I was not unfamiliar with the name Ana Egge when, on the first of July, I received a communique from a friend of mine that new music from her was on its way. Four years ago I took notice of this woman with an album called Bad Blood, at first, admittedly, because of its connection to Steve Earle. He handled the production, recorded it at Levon Helm's studio in Woodstock, had Ray Kennedy mix it, sprinkled in both his own and ex-wife Alison Moorer's harmony vocals on a few tracks, and the backup band included Chris Masterson, Eleanor Whitemore, Rob Heath, and Byron Issacs. All that roots music star power aside, what jumped out of my headphones was Egge’s singular voice, clear as a bell, with intelligent songs that offered stories, structure, emotion, and power.
If you missed Bad Blood, you can thank the now-you-see-it-now-you-don't business paradigm that musicians face in this day and age as they try to be heard above all the noise in the aural soup kitchen. Too often great music arrives with so much promise, only to slide past us ever so quietly. We miss so much. It takes strength for an artist to stay the course, but Egge is one who has consistently delivered.
In 1997, when she was only 20 years old and living in Austin, Egge released her debut album, River under the Road. She has not stopped delivering great music since, and now we're blessed with her eighth album, Bright Shadow.
Just to get you caught up, Egge was raised in a small town of about 50 people in North Dakota, and she also spent time in New Mexico. Her bio quotes her as saying:
"I was taught how to shoot a gun and how to enjoy alfalfa sprouts and tofu, raised by two back-to-the-land hippies. My folks loved the outdoors and eccentric people; I ran around barefoot and learned to ride a motorcycle when I was 5. I grew up with all the time and space in the world."
While living in Texas, Egge had offers to go out on the road, and she opened for Jimmie Dale Gilmore, Iris DeMent, Shawn Colvin, and Ron Sexsmith. Later she got to share the stage with John Prine, Lucinda Williams, and – yes, this is sort of weird but it’s on her Wikipedia page – Sinead O'Connor. After spending time on the road. she moved back to New Mexico and settled in Brooklyn in 2002. She still lives there today with her wife of seven years and their young daughter.

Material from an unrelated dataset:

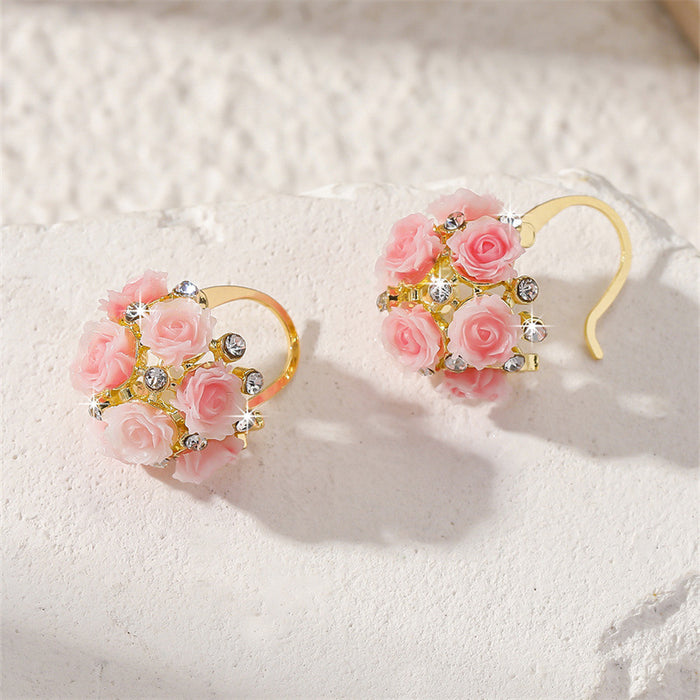 Wholesale French Dopamine Pink Basket Ear Clip Alloy Rhinestone Boutique MOQ≥2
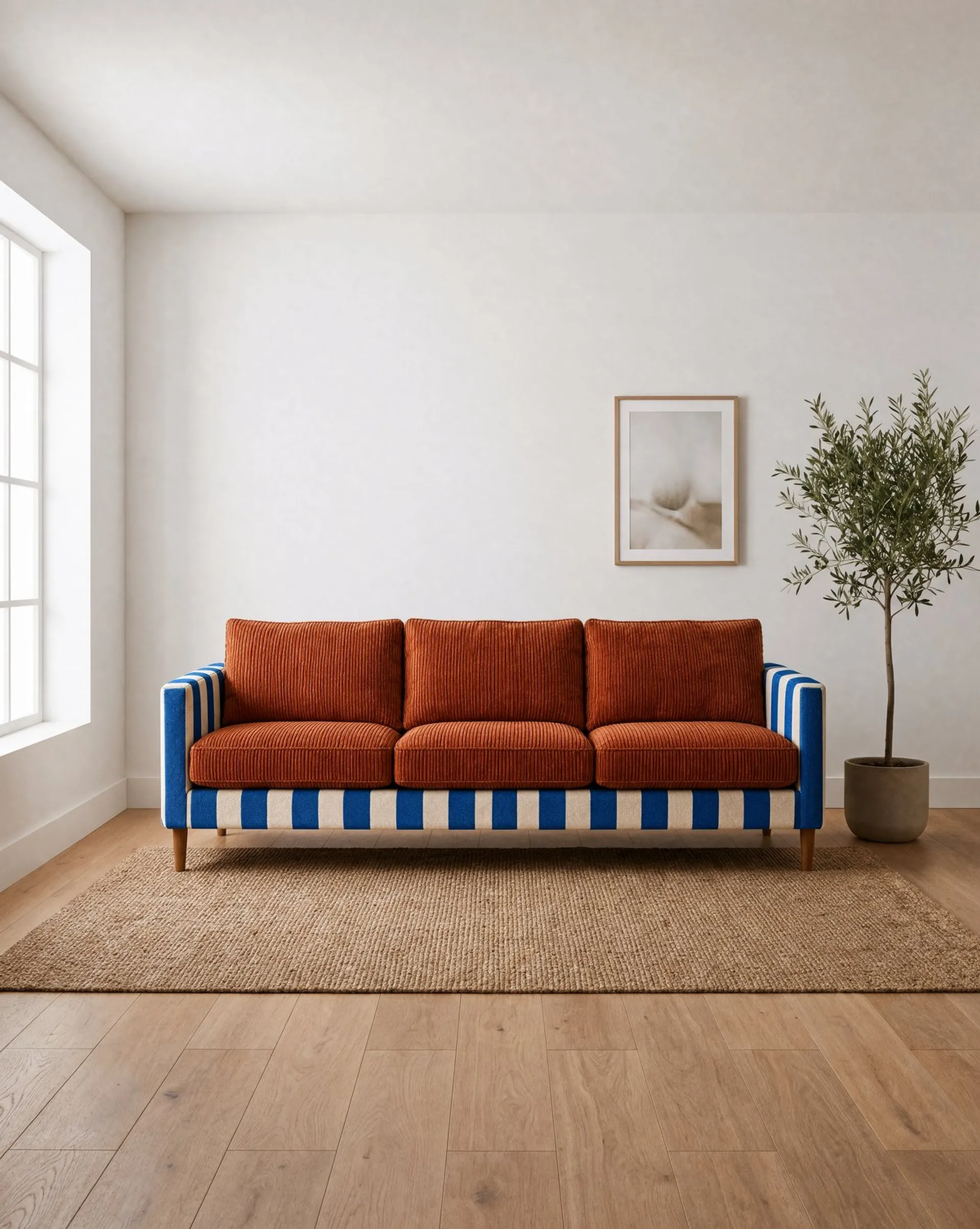 Krea 3 image of the same sofa reupholstered in blue and cream stripes with rust corduroy cushions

Sifting through some of the marketing and biographical information about Egge, you start to find quotes like this one from Steve Earle: “Ana Egge's songs are low and lonesome, big square-state noir ballads which she plays on a guitar she built with her own two hands and sings like she's telling us her deepest, darkest secrets.”
Lucinda Williams said she's “an exceptional songwriter, listen to the lyrics ... the folk Nina Simone!”
"An artist's ability to connect with an audience is frequently and disingenuously misrepresented in their marketing copy,” Mark Miller – a concert promoter and frontman of Spuyten Duyvil – told me. “Ana is a rare exception. She captivates a room and draws all eyes and ears with a combination of thoughtful and heartfelt lyrics, a heartbroken voice, and serious instrumental chops."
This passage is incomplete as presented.